C. Elliott

Audio By Carbonatix
“Every moment there’s a chance for redemption,” Bonnie Raitt said Sunday, adjusting the acoustic guitar slung across her body.
Her fingers teasing fleeting notes from the fretboard, the 75-year-old singer-songwriter was about to perform the title track of her most recent studio album, 2022’s Just Like That … and her observation – simple and well-worn though it may be – was about the fictional woman at the center of the song’s narrative.
But it wasn’t much of a leap to see the connection between her sentiment and the evening’s unspoken yet powerful undercurrent: Time, bearing us all ceaselessly forward, carried along past hope and regret, realization and reckoning.
Her 100-minute set inside a sold-out Winspear Opera House was her first local appearance in a little over two years, and a sturdy, soulful showcase for one of America’s most enduring performers.
Backed by four locked-in musicians – guitarist Duke Levine, keyboardist/backing vocalist Glenn Patscha, drummer Ricky Fataar and bassist James “Hutch” Hutchinson – Raitt pulled from across her catalog, reaching all the way back to her self-titled 1971 debut (with the song “Women Be Wise”) through to Just Like That …
Her scuffed velvet voice has lost none of its power in the intervening years, still capable of leaping and curling and smoldering and soaring as needed, matching her virtuoso slide guitar work, which was on ample display Sunday. The notes seemed to drip like honey, sticky and smeared, flung with a practiced joy across the stage.
The capacity crowd greeted Raitt with a standing ovation, the first of several over the course of the night. While the tempo deftly shifted from rowdy to contemplative and back again, the largely seated audience refrained from turning the Winspear into a loose, lively room, and kept its adulatory outbursts contained to the moments between songs.

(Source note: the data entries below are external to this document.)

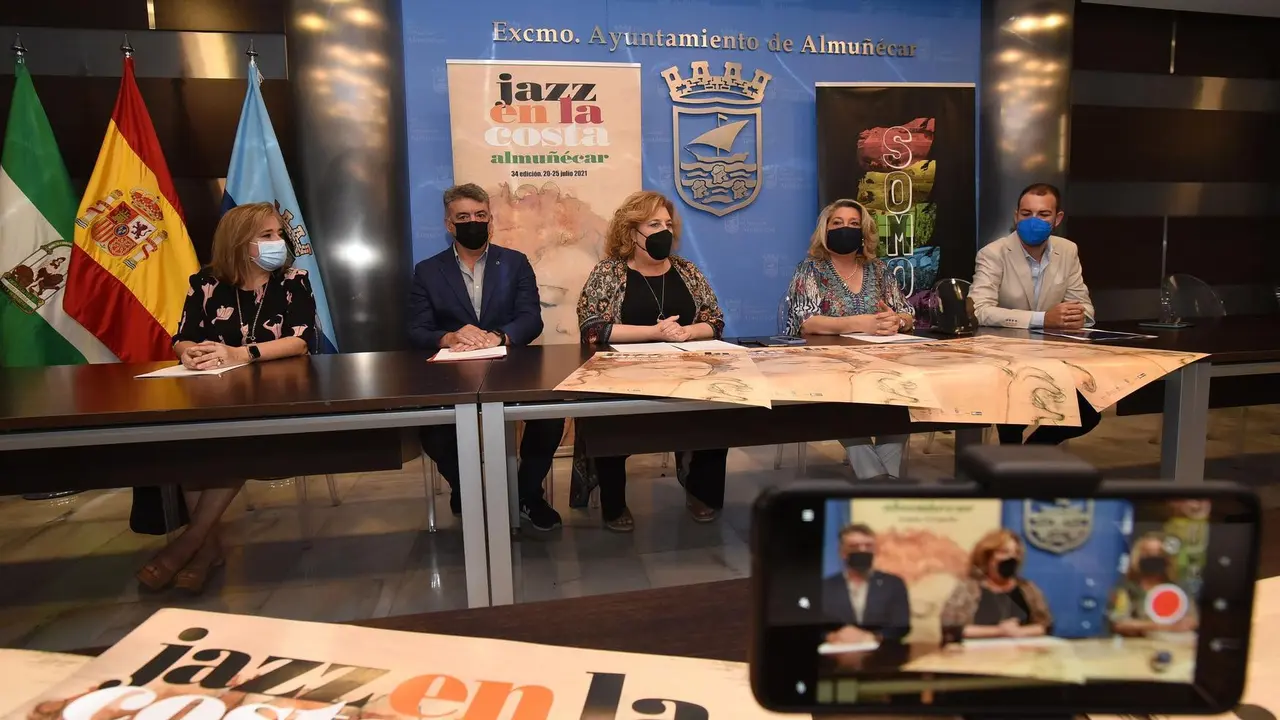 Presentaci&oacute;n en Almu&ntilde;&eacute;car (Granada) de 'Jazz en la Costa' con la vicepresidenta primera y diputada de Cultura y Memoria Hist&oacute;rica y Democr&aacute;tica, F&aacute;tima G&oacute;mez, la alcaldesa de Almu&ntilde;&eacute;car, Trinidad Herrera, y el director del festival, Jes&uacute;s Villalba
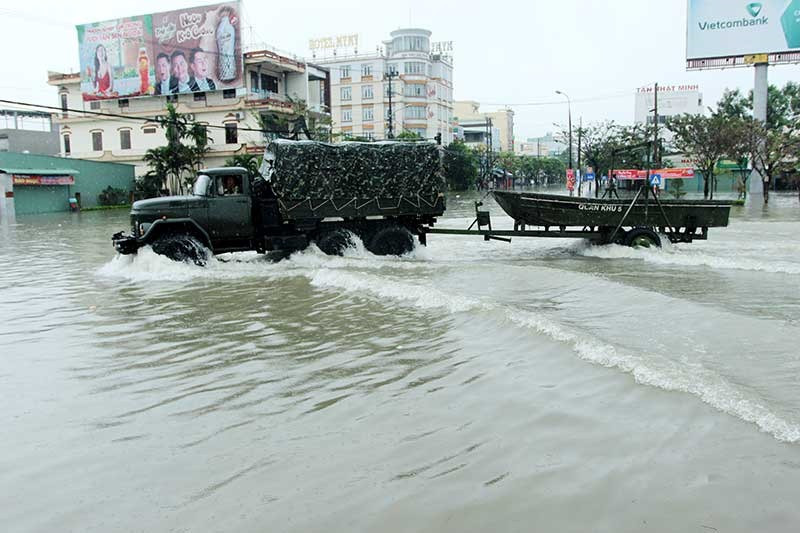 Xe quân đội đưa ca nô đi cứu dân trong đợt mưa ngập lịch sử ở Tam Kỳ vào tháng 12.2018. Ảnh: T.C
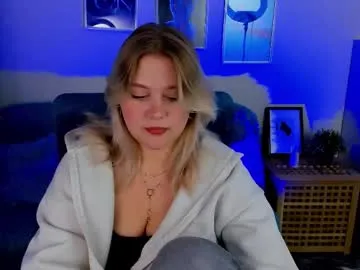 louisemous —  GOAL: Welcome, guys, follow me! My First Goal -REMOVE JACKET [47]  Let's make this day incredible #18 #lovense #shy #new #skinny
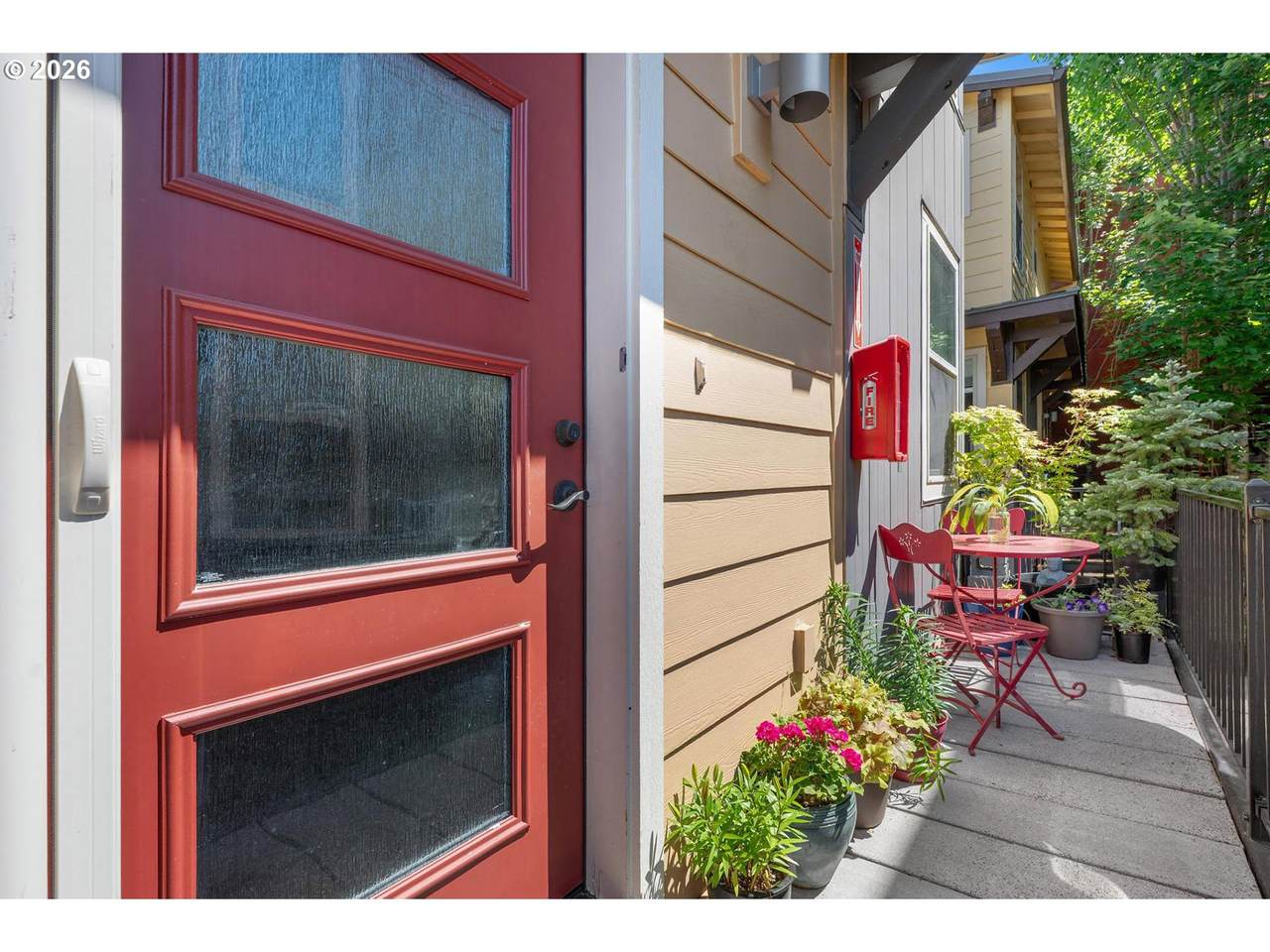 https://bt-photos.global.ssl.fastly.net/portland/1280_boomver_1_592954354-2.jpg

Raitt’s briskly paced set list was a marvel of giving the customers what they came for (i.e., the “ones you know,” as Raitt cracked Sunday) and giving her and the band the side alleys and back roads they most longed to explore. There was also a frisky sense of escape in the air: Sunday’s performance was the band’s last on this leg of the tour, before resuming in mid-April.
Something to Sing About
It wasn’t that “Thing Called Love” or “Something to Talk About” were perfunctory, necessarily. Still, it did feel on Sunday as though Raitt and her band were a little more engaged with “Love Letter,” “Time of Our Lives” or even the gorgeous title track of 1989’s Nick of Time, her multi-platinum, Grammy-winning break-out. (Craftily, Raitt saved “I Can’t Make You Love Me” for the encore.)
Raitt was generous in ceding the spotlight to her collaborators, whether it was Levine firing off a solo, or welcoming former band member (and opening act) Jon Cleary back to the stage for a performance of his song “Unnecessarily Mercenary.” (Cleary, on keys, also stuck around for “Women Be Wise.”)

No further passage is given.